As shown in Fig. 2, one of the information is stored in two phases in the magnetization part 11, and the other is stored in the magnetization part 14 at an integer interval away from the normal magnetization part 11. The magnetizing force generated in the magnetization part 14 is stronger than that in the magnetization part 11. When the MR head 12 is moved in the direction of an arrow 13, an output signal 16 corresponding to the magnetization parts 11 and 14 can be obtained.

In Fig. 1, 24 and 25 denote comparators with respective threshold values. The signal 26 generated when the MR head is moved and input to the terminal 19 for the comparators 24 and 25 is input to these comparators 24 and 25. The comparator 24 includes a threshold value 16 input via the terminal 20, and the comparator 25 includes a threshold value 15 input via the terminal 21. When the signal 26 is input to the two comparators 24 and 25 and this signal 26 is higher than each of the threshold values, that is, when the signal 26 is higher than the threshold value is 16, the signal 17 is outputted from the output terminal 22 of the comparator 24, and when the signal 26 is higher than the threshold value 15, the signal 16 is outputted from the output terminal 23 of the comparator 25. Accordingly, information on a printing position is obtained at the magnetizing part 11, and information on a carriage position is obtained at the magnetizing part 14.

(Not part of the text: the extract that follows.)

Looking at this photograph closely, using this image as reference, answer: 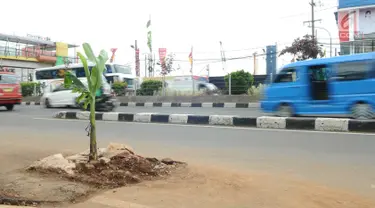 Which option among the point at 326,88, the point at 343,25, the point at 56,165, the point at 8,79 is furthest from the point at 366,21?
the point at 56,165

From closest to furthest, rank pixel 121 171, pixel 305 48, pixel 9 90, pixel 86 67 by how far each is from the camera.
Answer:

As described above, the control of the print position and the carriage position based on the information contained in a memory part of a linear encoder along a path of an MR head can be achieved with a simple arrangement and inexpensively. The magnetizations in two phases are made once in such a way that the phase difference between the two phases is maintained with high accuracy.

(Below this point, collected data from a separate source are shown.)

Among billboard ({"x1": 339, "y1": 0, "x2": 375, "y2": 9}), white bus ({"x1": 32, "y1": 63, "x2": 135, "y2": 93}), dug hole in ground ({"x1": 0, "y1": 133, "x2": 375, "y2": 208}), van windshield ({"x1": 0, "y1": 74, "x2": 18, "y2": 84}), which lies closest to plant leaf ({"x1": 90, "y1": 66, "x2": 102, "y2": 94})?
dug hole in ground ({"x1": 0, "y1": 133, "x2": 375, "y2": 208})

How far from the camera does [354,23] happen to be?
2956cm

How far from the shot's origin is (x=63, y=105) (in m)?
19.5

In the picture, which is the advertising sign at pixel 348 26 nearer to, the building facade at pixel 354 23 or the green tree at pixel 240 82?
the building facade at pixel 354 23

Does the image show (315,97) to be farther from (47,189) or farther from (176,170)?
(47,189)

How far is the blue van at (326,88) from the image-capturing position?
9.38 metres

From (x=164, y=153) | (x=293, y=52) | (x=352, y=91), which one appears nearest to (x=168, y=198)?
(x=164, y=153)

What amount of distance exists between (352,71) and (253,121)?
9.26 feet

It is to be noted that the invention is not limited to the specific embodiments described in the specification, but only to what is defined in the appended claims.

Claims (3)

1. A printing position control device comprising a linear encoder (1) of the magnetic storage type for storing individual information on a printing position, a reading device (12) movably arranged along the linear encoder for reading the individual information, and control circuits (19-25) for controlling a printing position based on the individual information read by the reading device; characterized in that the linear encoder (1) has a single linear storage part provided thereon, which is arranged parallel to the longitudinal axis of the linear encoder (1) for storing the individual information in two different phases with a magnetization period with minimum resolution (11) and an integer magnetization period (14) with the minimum resolution, respectively, and that the reading device (12) has a single reading head for outputting an output signal representative of the information in two phases. 2. Device for printing position control according to claim 1, characterized in that the magnetization force with respect to information as stored with the integer magnetization period (14) is greater than the magnetization force with respect to information as stored with the magnetization period of the minimum resolution (11). 3. A printing position control device according to claim 1 or 2, characterized in that the control circuits (19-25) comprise a first comparator (25) connected to receive the output signal (19) and a first threshold value (15) to output a signal (23) representative of the first information on a printing position based on the integer magnetization period (14), and a second comparator (24) connected to receive the output signal (19) and a second threshold value (16) to output a signal (22) representative of second information on a printing position based on the magnetization period with minimum resolution (11).